What of gay marriage? In civil terms, the union of two people is a contractual arrangement which should not be subject to the review of third parties. Society does not get to ratify contracts. If two people want to live together, combine assets, and grant each other agency, it remains their business.
That said, the movement to redefine marriage through the force of law seeks far more than contract rights. What gay marriage proponents are after is the affirmative action currently granted to married couples, preferential treatment which however well intentioned is still a violation of rights. The uncomfortable truth surrounding the marriage issue is that heterosexual couples have long been subsidized by their unwed neighbors. It is that state endorsement which homosexuals covet, along with the social sanction it implies. Under government informed by objective morality, marriage contracts would be just that, conveying no special benefits beyond the terms agreed upon. As a result, religious individuals and institutions with conscientious objections to homosexuality would never be forced to violate their conscience.

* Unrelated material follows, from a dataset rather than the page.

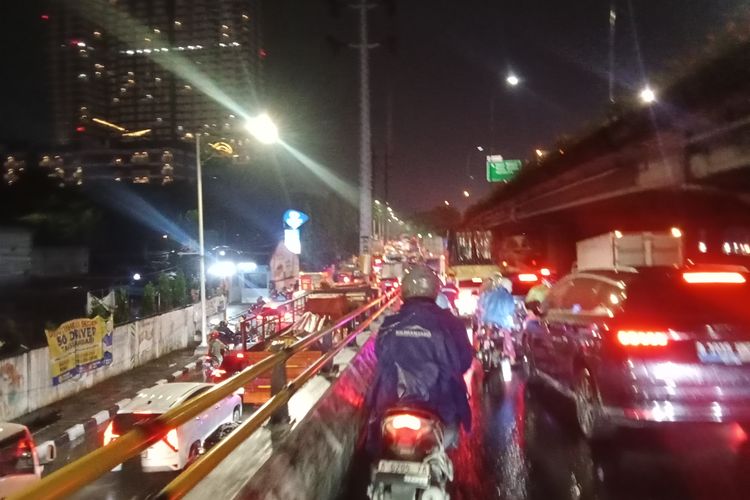 banjir, Menghadapi Macet Akibat Hujan dan Banjir, Ini Saran dari Ahli Keselamatan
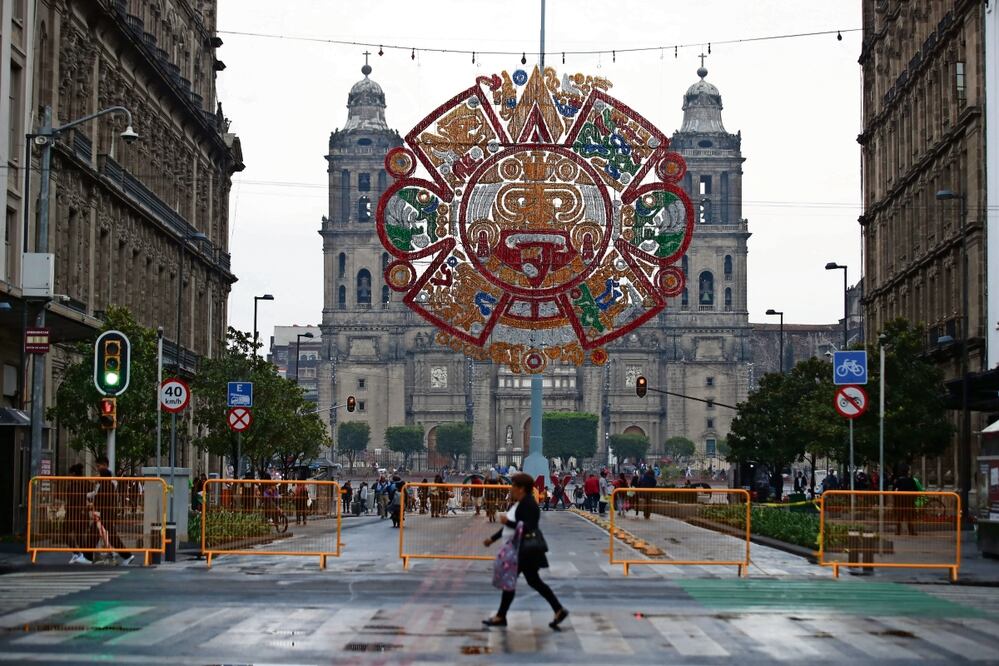 Se impedirá el ingreso de bebidas alcohólicas al Zócalo. Foto: Archivo / El Universal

How about foreign policy? Can war ever be moral? It can according to the case made in Winning the Unwinnable War: America’s Self-Crippled Response to Islamic Totalitarianism by Yaron Brook, Elan Journo, and Alex Epstein. Brook explains:
As we argue in the book, the principle that should guide our foreign policy is the same principle that should guide all governmental action: Our government should protect the individual rights of Americans. That’s our government’s only proper function. Deriving from that same purpose, our foreign policy should work to protect the lives and the property of individual Americans—from threats that are initiated outside the borders of this country. Clearly one major threat that the government must be on guard for—and retaliate against—is that of countries or groups launching a war against us or sending out terrorists to cause the mass slaughter of Americans. Other kinds of threats include threats to the property of Americans: Think of the pirates off the coast of Somalia taking ships for ransom. It is part of the government’s job to secure our right to property, to protect our ability to trade freely, and to prevent our property from being stolen by thugs on the high seas.